§ ACTION ITEM
For the entries that follow, retype exactly the lines from the one containing "Hello everyone, this" to the one containing "Hi guys, this", inclusive, and only those. Images stay out of the copy.

(Extracted data entries)
-- Opening Marker --
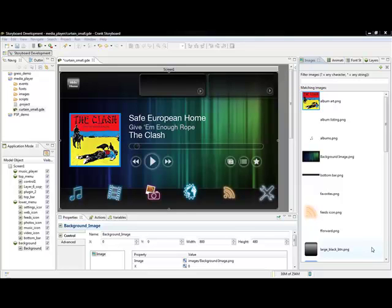Storyboard Designer has built-in animation support. This makes it quick and easy for users to describe an animation and apply it to their user interface.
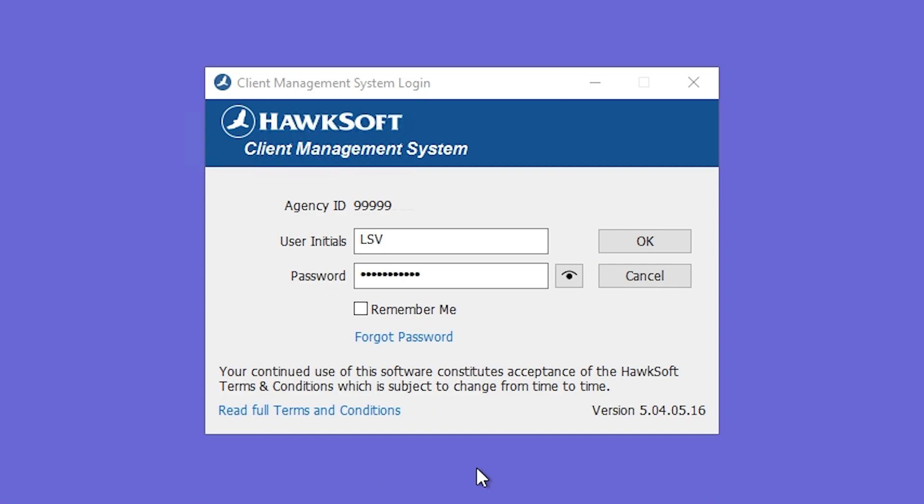To start the setup, we'll first need to make a note of some information from Hawksoft. Open your client management system and either copy or write down your agency ID. You'll also need to have the user initials and password entered here.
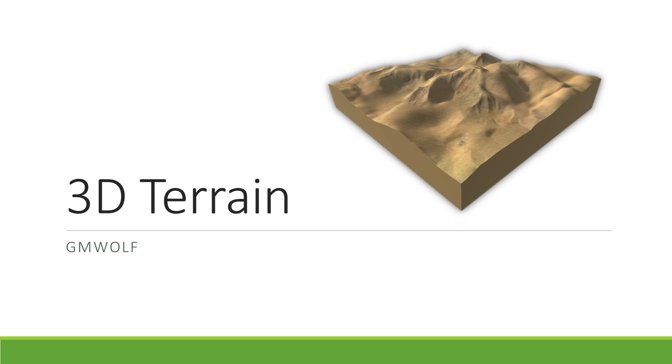Hello everyone, this is Felix from GMWolf. Today I want to start a series of videos on creating 3D terrain using GameMaker Studio. In this first video we will look at how we can create a simple 3D terrain based on a height map using vertex buffers.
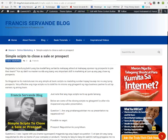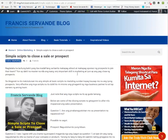Hi guys, this is Francis, and in this video I'm going to show you how to convert your website, or any website, into an instant ebook or a PDF file. I have this blog here — it's a simple script to close a sale or prospect — and what I'm going to do is convert this article into a PDF file or an instant ebook which you can share with your prospects or leads.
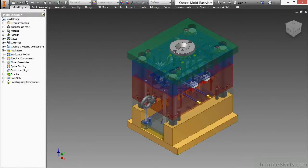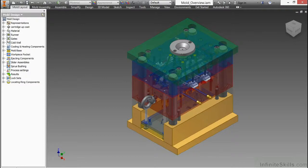After we have finished the core and cavity, we are going to see how to create the mold around it. We will place from Content Center any number of different mold bases. We are also going to add in different things like ejectors, sliders, lifters, lock sets, sprue bushings, and locating rings to make our mold design process that much faster. We are also going to take a look at the automatic drawing creation tools, which will hasten the process of documentation to get our mold out the door faster.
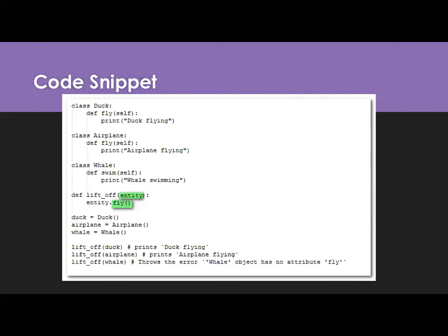By using lift_off function, we can send duck and aeroplane. If you send the whale, since it does not have the fly method or fly function, it will fail. So that's what, here the entity, any object you can send it considering that it has the fly. Let's say if the entity has some other method, then whatever the object we are sending, the class should have these both methods. So we will see the code as well.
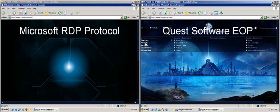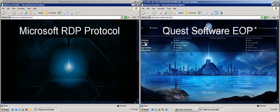As one can see, Quest Software's Graphics Acceleration for RDP dramatically improves user experience when viewing Flash content. This technology is not limited to Flash content, but rather accelerates all parts of the RDP display.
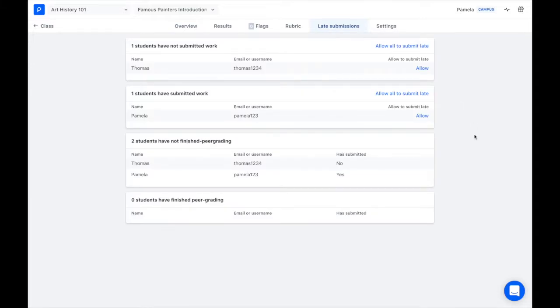Here we have our students broken down by those who have not submitted, those who have submitted, those who have not finished peer grading, and those that have finished peer grading.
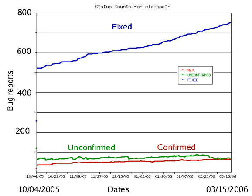A software bug is an error, flaw, failure or fault in a computer program or system that causes it to produce an incorrect or unexpected result, or to behave in unintended ways.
-- Closing Marker --
§ ANSWER
Hello everyone, this is Felix from GMWolf. Today I want to start a series of videos on creating 3D terrain using GameMaker Studio. In this first video we will look at how we can create a simple 3D terrain based on a height map using vertex buffers.
Hi guys, this is Francis, and in this video I'm going to show you how to convert your website, or any website, into an instant ebook or a PDF file. I have this blog here — it's a simple script to close a sale or prospect — and what I'm going to do is convert this article into a PDF file or an instant ebook which you can share with your prospects or leads.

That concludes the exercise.